» TO DO
Leaving out all pictures, give again each line exactly, from the start of the listing through the line that contains "Visi šio recepto".

____

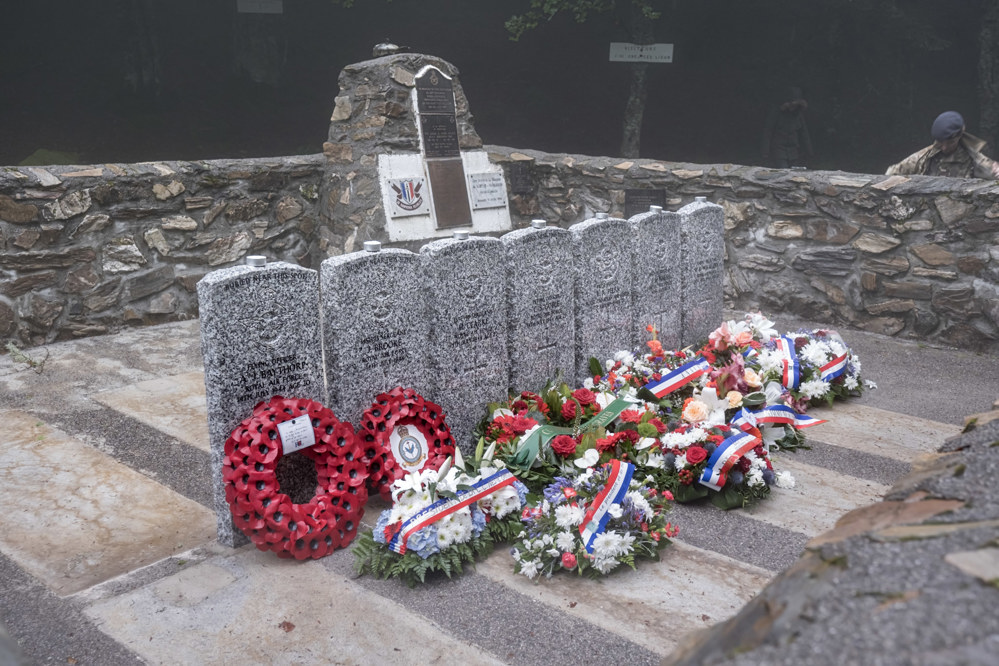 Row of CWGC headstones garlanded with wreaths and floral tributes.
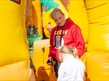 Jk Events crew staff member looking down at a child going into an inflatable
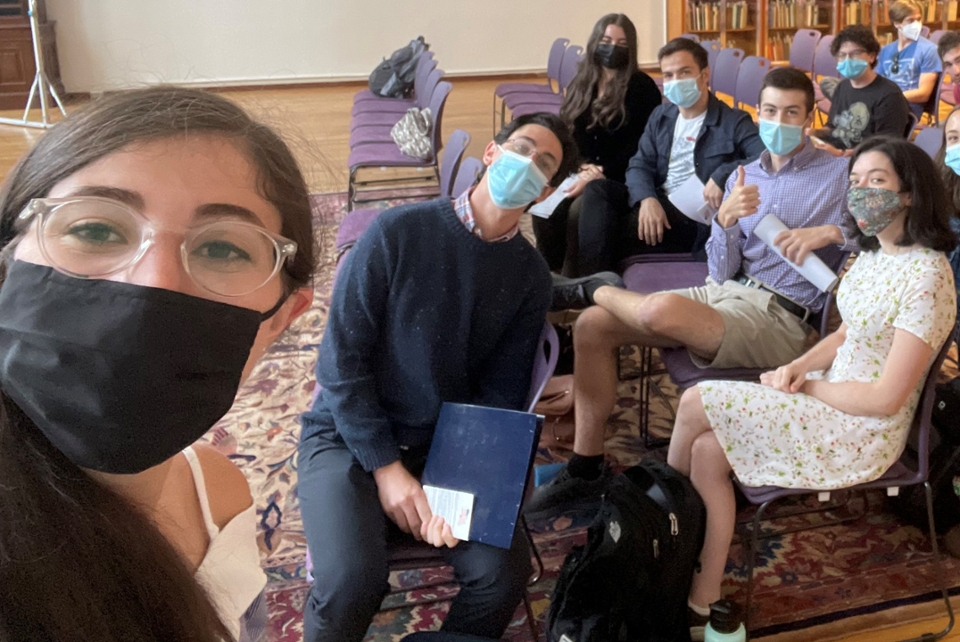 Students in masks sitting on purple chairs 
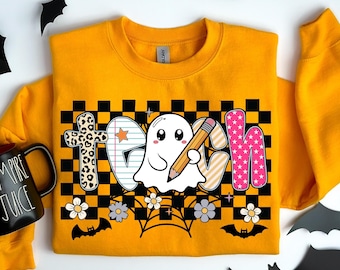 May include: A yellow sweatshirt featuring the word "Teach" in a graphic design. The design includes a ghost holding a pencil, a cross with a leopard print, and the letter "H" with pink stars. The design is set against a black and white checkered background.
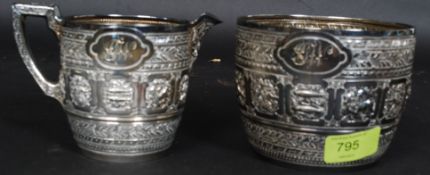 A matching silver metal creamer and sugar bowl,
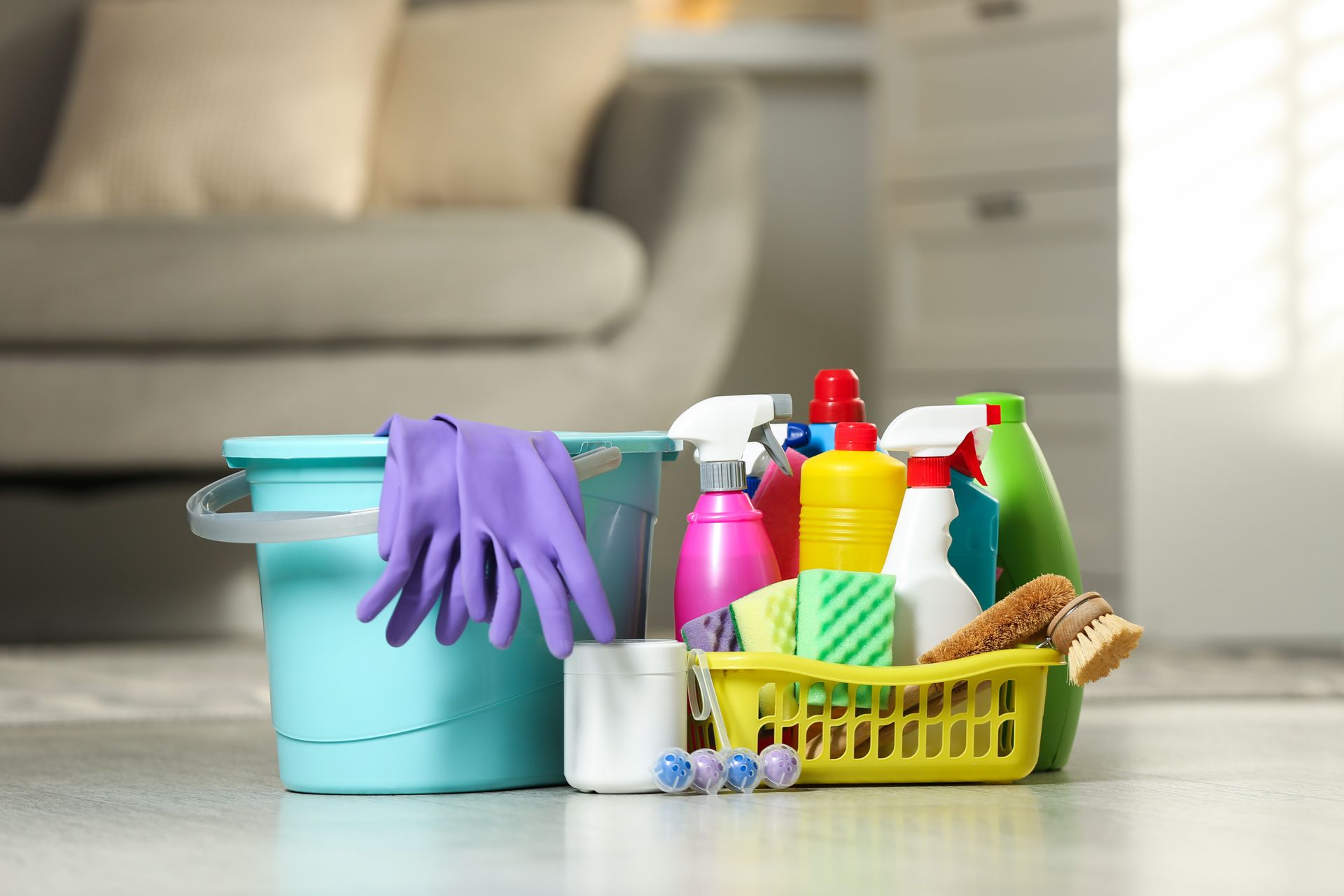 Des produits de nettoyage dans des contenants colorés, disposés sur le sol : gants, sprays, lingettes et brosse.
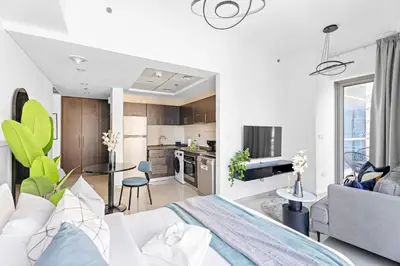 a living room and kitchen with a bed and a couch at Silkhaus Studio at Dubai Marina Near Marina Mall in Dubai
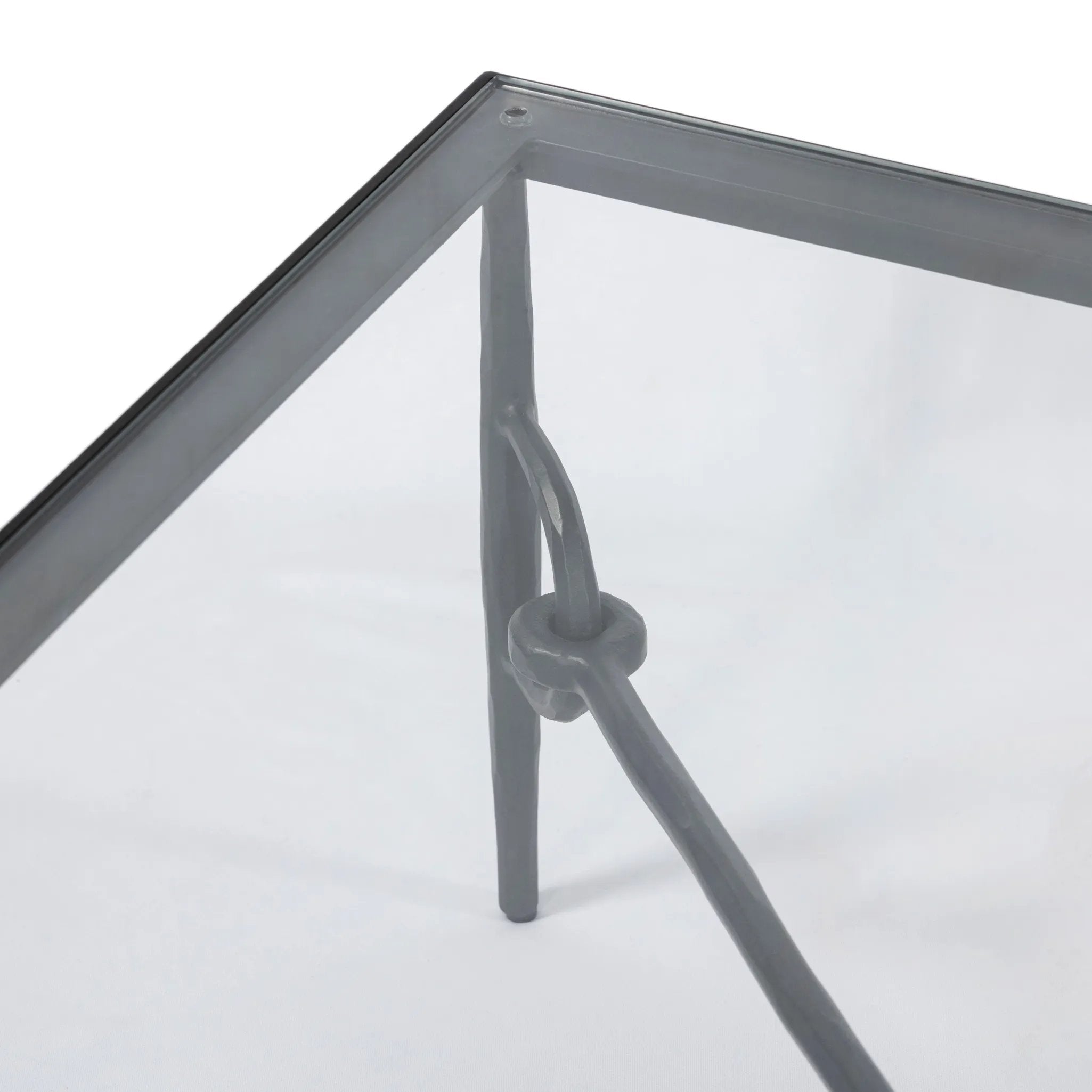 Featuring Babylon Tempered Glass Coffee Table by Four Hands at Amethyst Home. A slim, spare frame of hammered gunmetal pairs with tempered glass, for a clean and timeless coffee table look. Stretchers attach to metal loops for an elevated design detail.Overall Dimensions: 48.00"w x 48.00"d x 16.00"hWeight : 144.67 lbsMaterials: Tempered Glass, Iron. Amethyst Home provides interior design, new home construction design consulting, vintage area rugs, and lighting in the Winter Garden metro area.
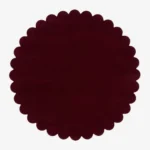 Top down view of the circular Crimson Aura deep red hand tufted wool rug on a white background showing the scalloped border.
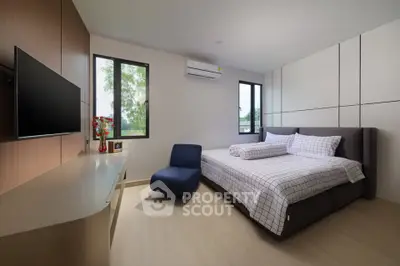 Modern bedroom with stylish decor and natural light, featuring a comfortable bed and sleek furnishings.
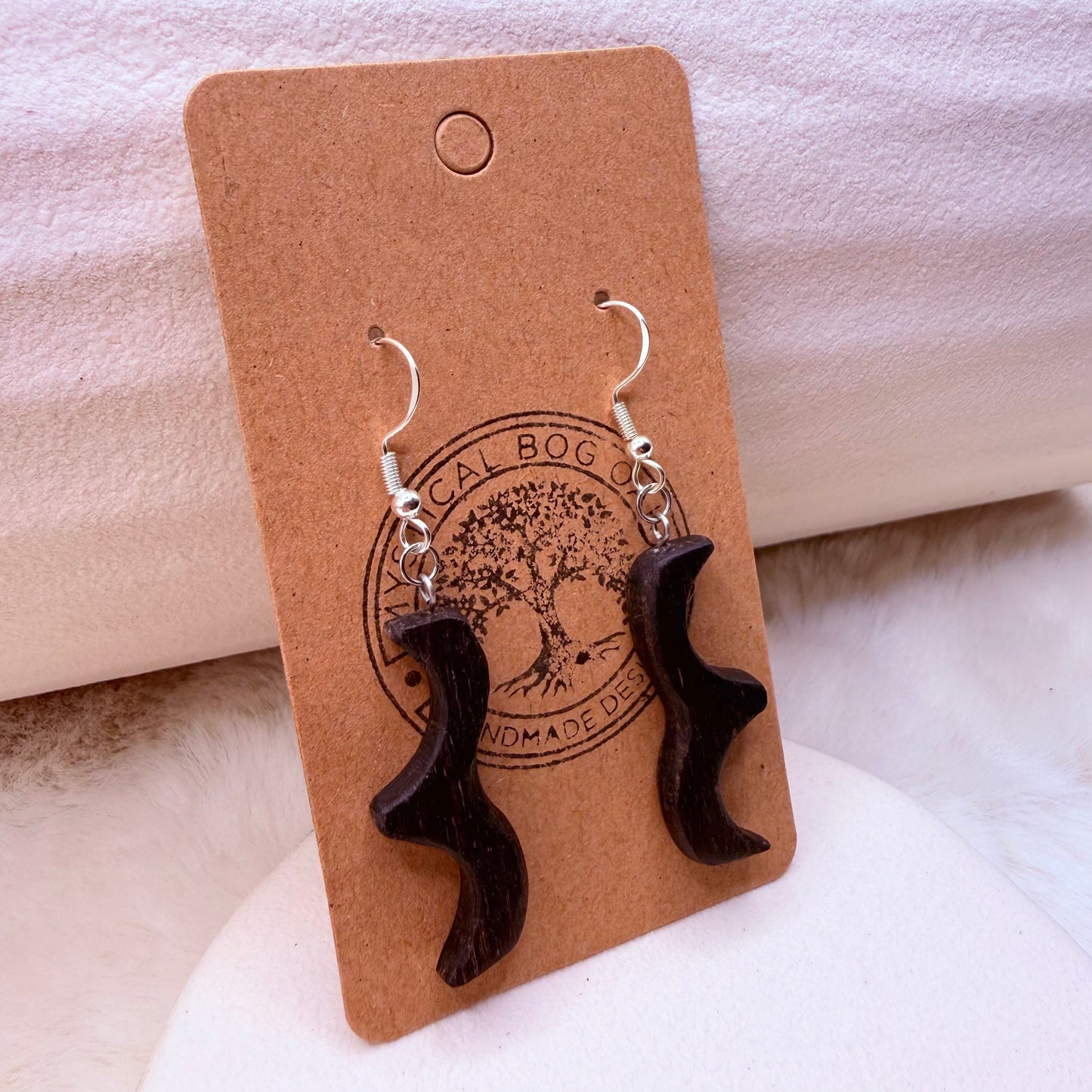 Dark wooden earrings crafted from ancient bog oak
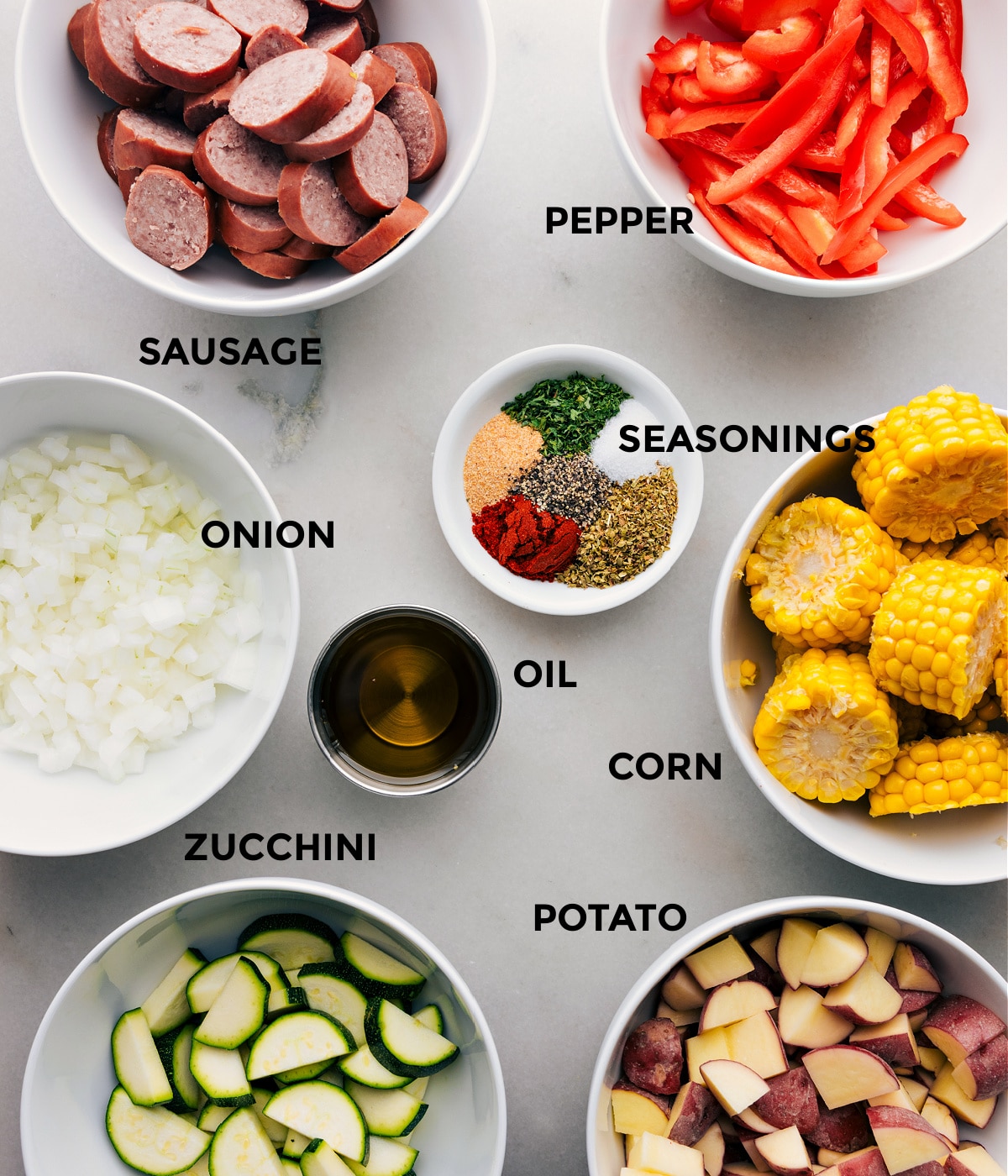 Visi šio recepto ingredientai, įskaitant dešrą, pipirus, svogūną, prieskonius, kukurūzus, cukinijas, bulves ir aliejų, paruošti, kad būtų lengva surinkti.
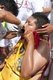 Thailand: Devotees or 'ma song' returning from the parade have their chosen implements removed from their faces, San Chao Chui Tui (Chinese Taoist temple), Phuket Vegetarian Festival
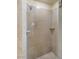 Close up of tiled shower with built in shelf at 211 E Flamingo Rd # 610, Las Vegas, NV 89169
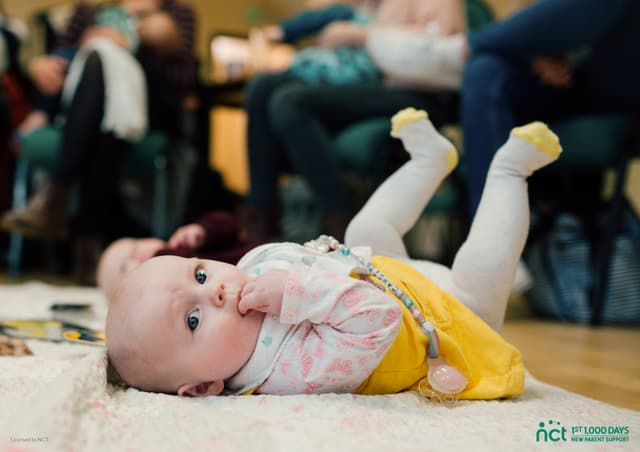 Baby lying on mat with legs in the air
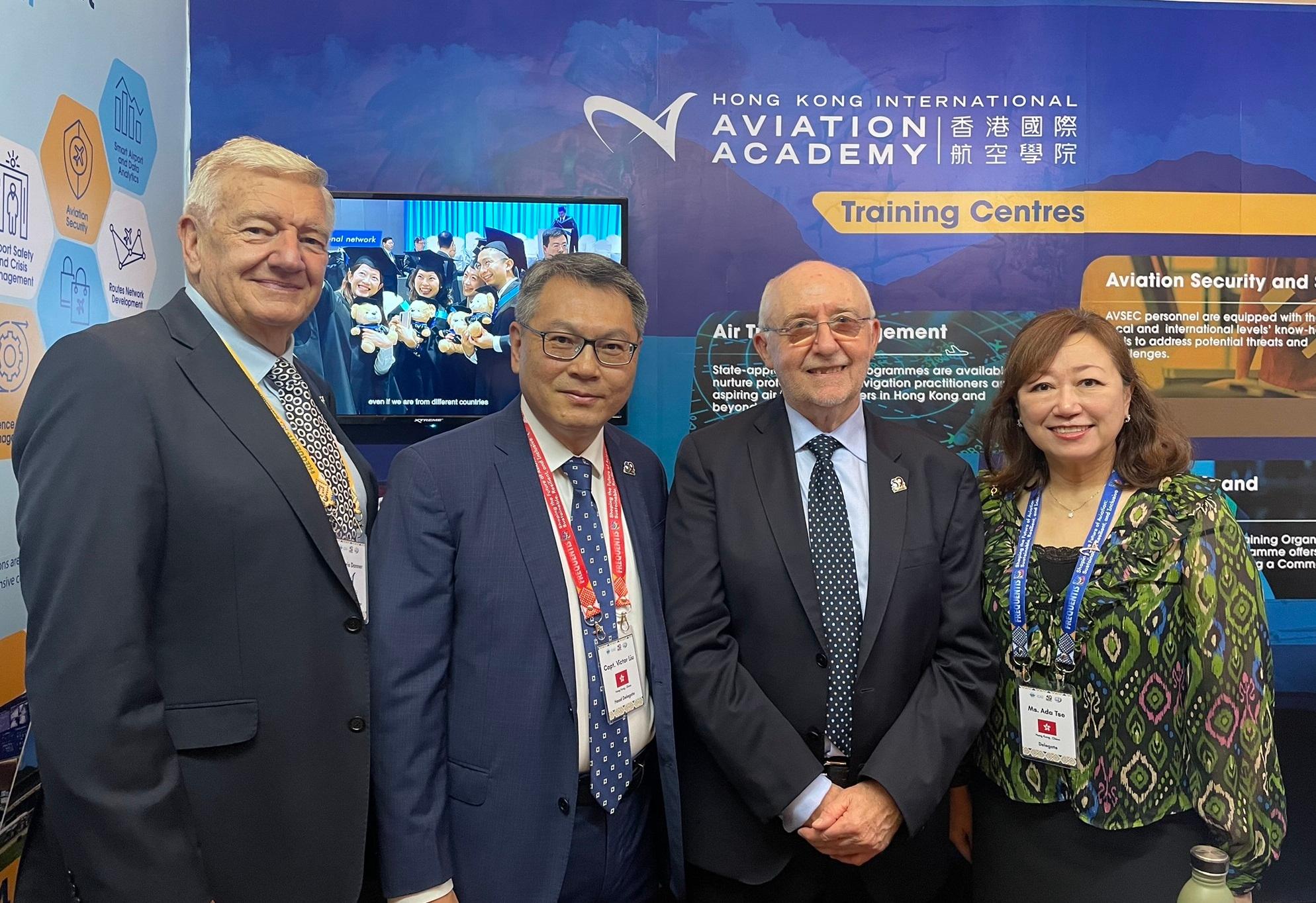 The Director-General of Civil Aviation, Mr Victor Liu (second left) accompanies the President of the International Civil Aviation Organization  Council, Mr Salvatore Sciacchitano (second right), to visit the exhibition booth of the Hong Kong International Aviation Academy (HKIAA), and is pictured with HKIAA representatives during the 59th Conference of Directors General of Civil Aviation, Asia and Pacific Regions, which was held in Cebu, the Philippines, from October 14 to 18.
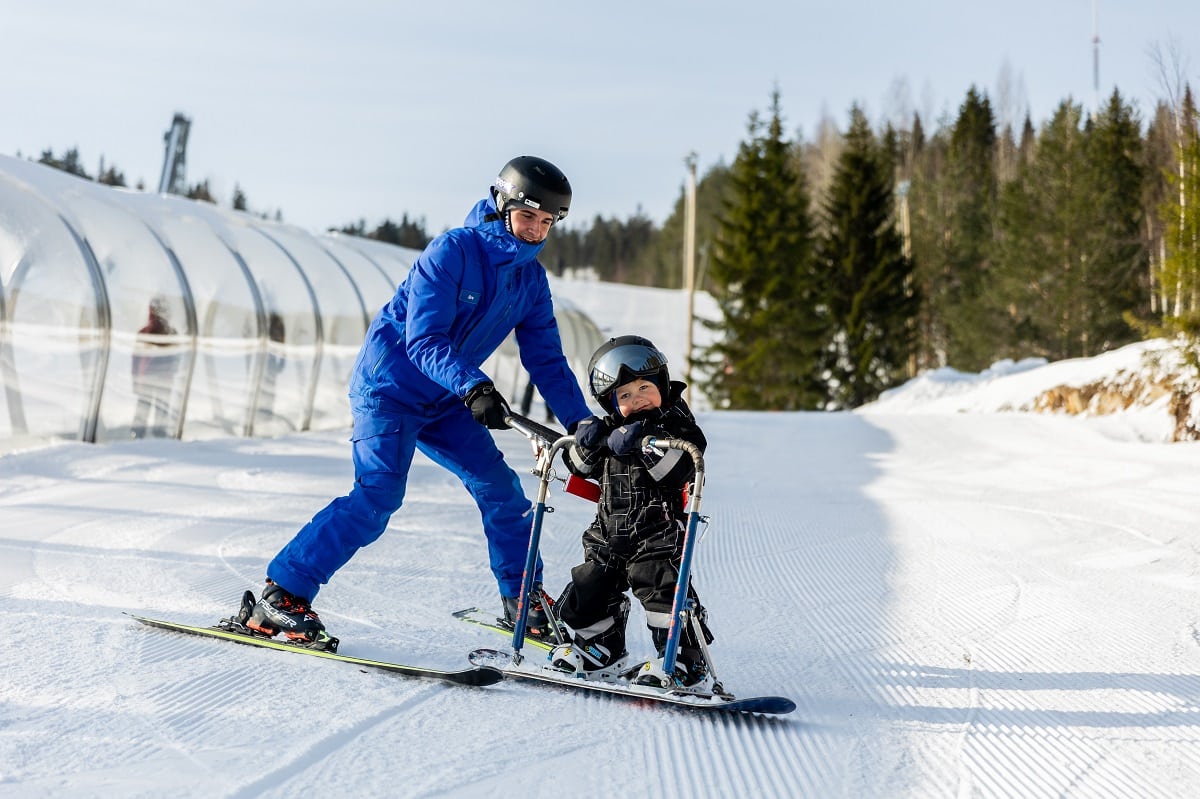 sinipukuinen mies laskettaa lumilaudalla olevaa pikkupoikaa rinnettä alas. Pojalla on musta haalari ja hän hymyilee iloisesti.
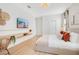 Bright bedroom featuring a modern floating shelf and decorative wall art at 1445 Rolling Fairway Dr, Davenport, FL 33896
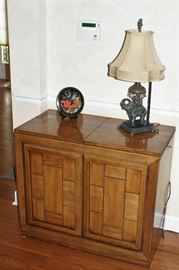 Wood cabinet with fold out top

____

» ANSWER SPACE
 Row of CWGC headstones garlanded with wreaths and floral tributes.
 Jk Events crew staff member looking down at a child going into an inflatable
 Students in masks sitting on purple chairs 
 May include: A yellow sweatshirt featuring the word "Teach" in a graphic design. The design includes a ghost holding a pencil, a cross with a leopard print, and the letter "H" with pink stars. The design is set against a black and white checkered background.
 A matching silver metal creamer and sugar bowl,
 Des produits de nettoyage dans des contenants colorés, disposés sur le sol : gants, sprays, lingettes et brosse.
 a living room and kitchen with a bed and a couch at Silkhaus Studio at Dubai Marina Near Marina Mall in Dubai
 Featuring Babylon Tempered Glass Coffee Table by Four Hands at Amethyst Home. A slim, spare frame of hammered gunmetal pairs with tempered glass, for a clean and timeless coffee table look. Stretchers attach to metal loops for an elevated design detail.Overall Dimensions: 48.00"w x 48.00"d x 16.00"hWeight : 144.67 lbsMaterials: Tempered Glass, Iron. Amethyst Home provides interior design, new home construction design consulting, vintage area rugs, and lighting in the Winter Garden metro area.
 Top down view of the circular Crimson Aura deep red hand tufted wool rug on a white background showing the scalloped border.
 Modern bedroom with stylish decor and natural light, featuring a comfortable bed and sleek furnishings.
 Dark wooden earrings crafted from ancient bog oak
 Visi šio recepto ingredientai, įskaitant dešrą, pipirus, svogūną, prieskonius, kukurūzus, cukinijas, bulves ir aliejų, paruošti, kad būtų lengva surinkti.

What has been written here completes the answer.